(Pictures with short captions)
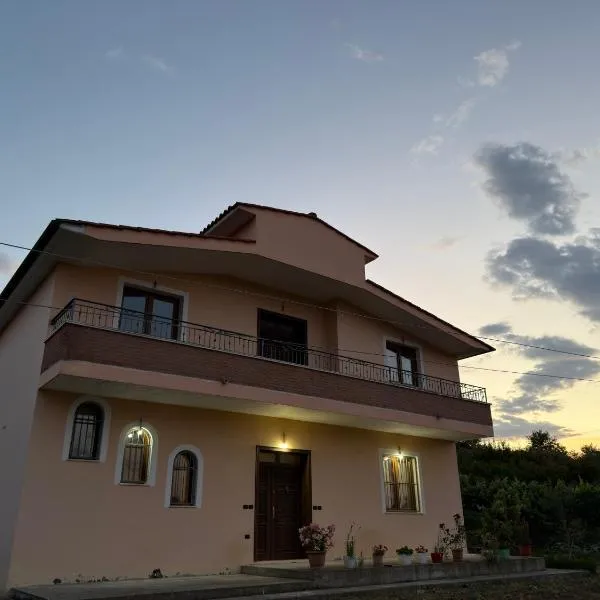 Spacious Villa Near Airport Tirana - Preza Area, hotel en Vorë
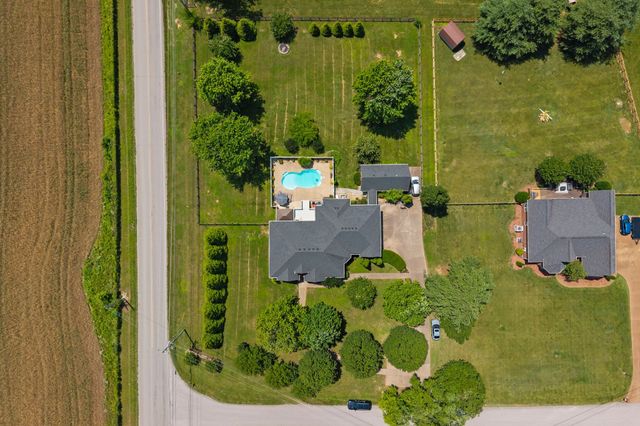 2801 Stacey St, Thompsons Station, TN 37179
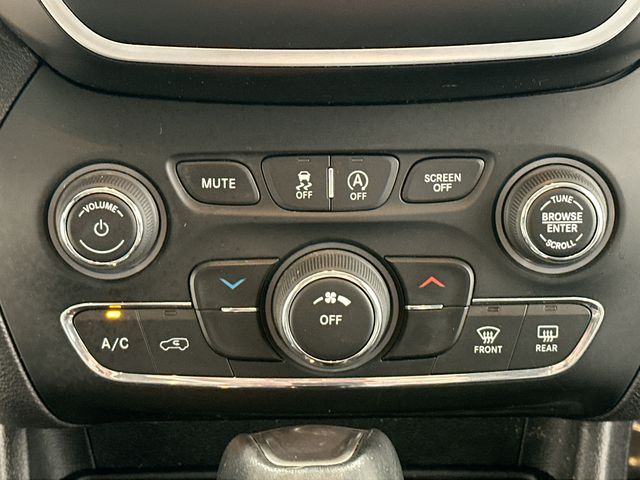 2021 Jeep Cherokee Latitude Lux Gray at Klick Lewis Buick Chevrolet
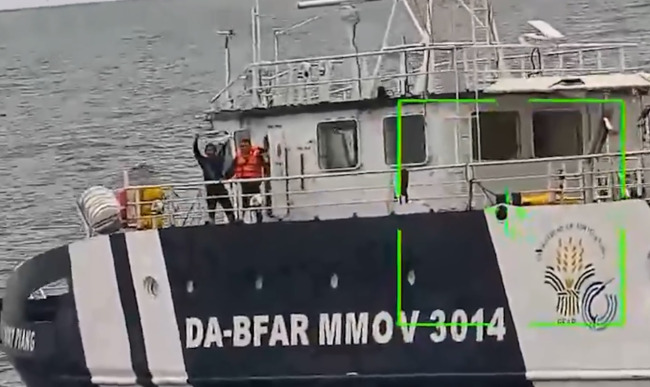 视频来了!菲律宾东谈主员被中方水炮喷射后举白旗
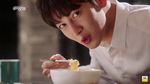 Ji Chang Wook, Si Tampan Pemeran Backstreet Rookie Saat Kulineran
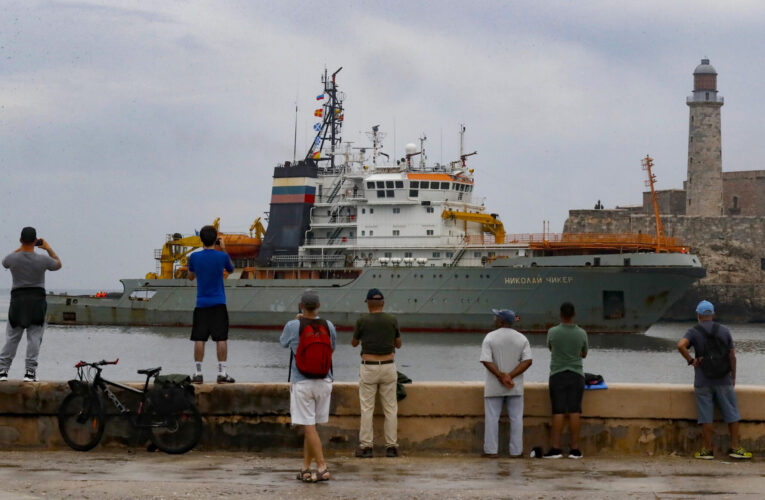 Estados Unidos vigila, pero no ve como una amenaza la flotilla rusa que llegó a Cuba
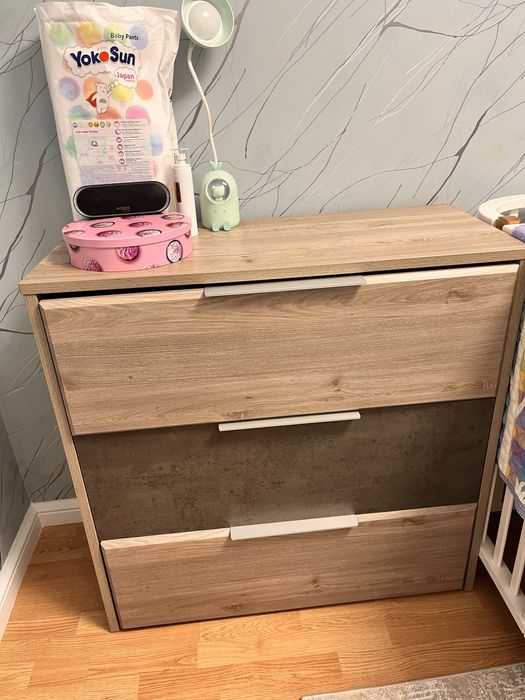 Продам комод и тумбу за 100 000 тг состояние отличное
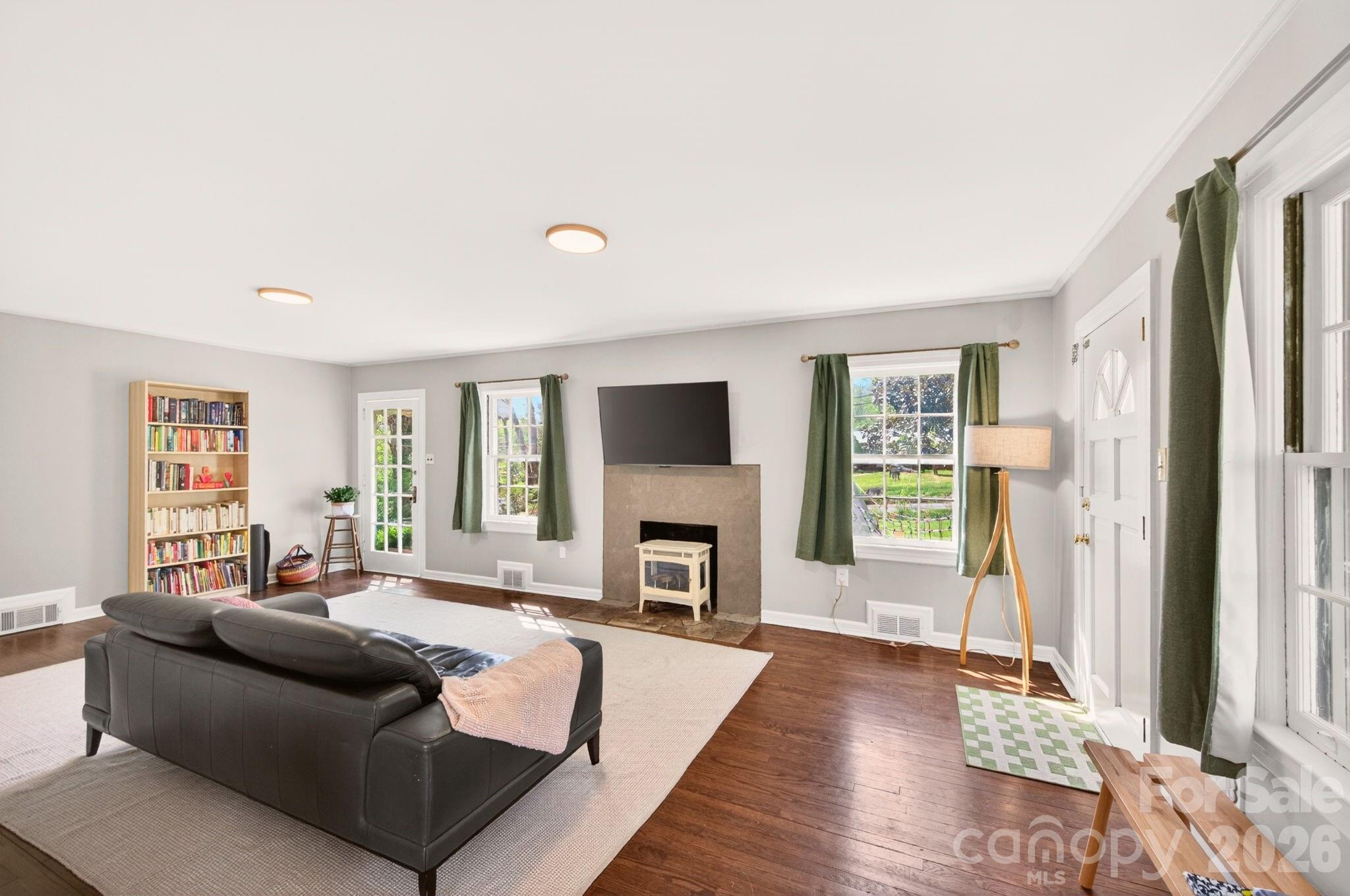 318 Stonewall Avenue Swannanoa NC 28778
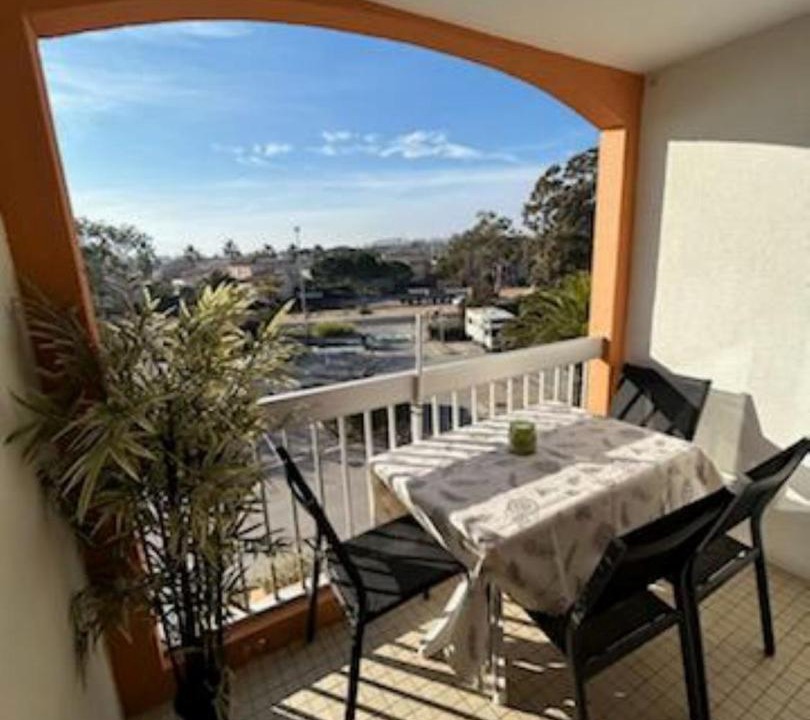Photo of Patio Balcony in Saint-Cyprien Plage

▶ **Your goal**: The copy must start at the line containing "Estados Unidos vigila, pero" and end at the last line of the data, matching each line exactly. It must hold no pictures.

▶ **Reply**:
 Estados Unidos vigila, pero no ve como una amenaza la flotilla rusa que llegó a Cuba
 Продам комод и тумбу за 100 000 тг состояние отличное
 318 Stonewall Avenue Swannanoa NC 28778
Photo of Patio Balcony in Saint-Cyprien Plage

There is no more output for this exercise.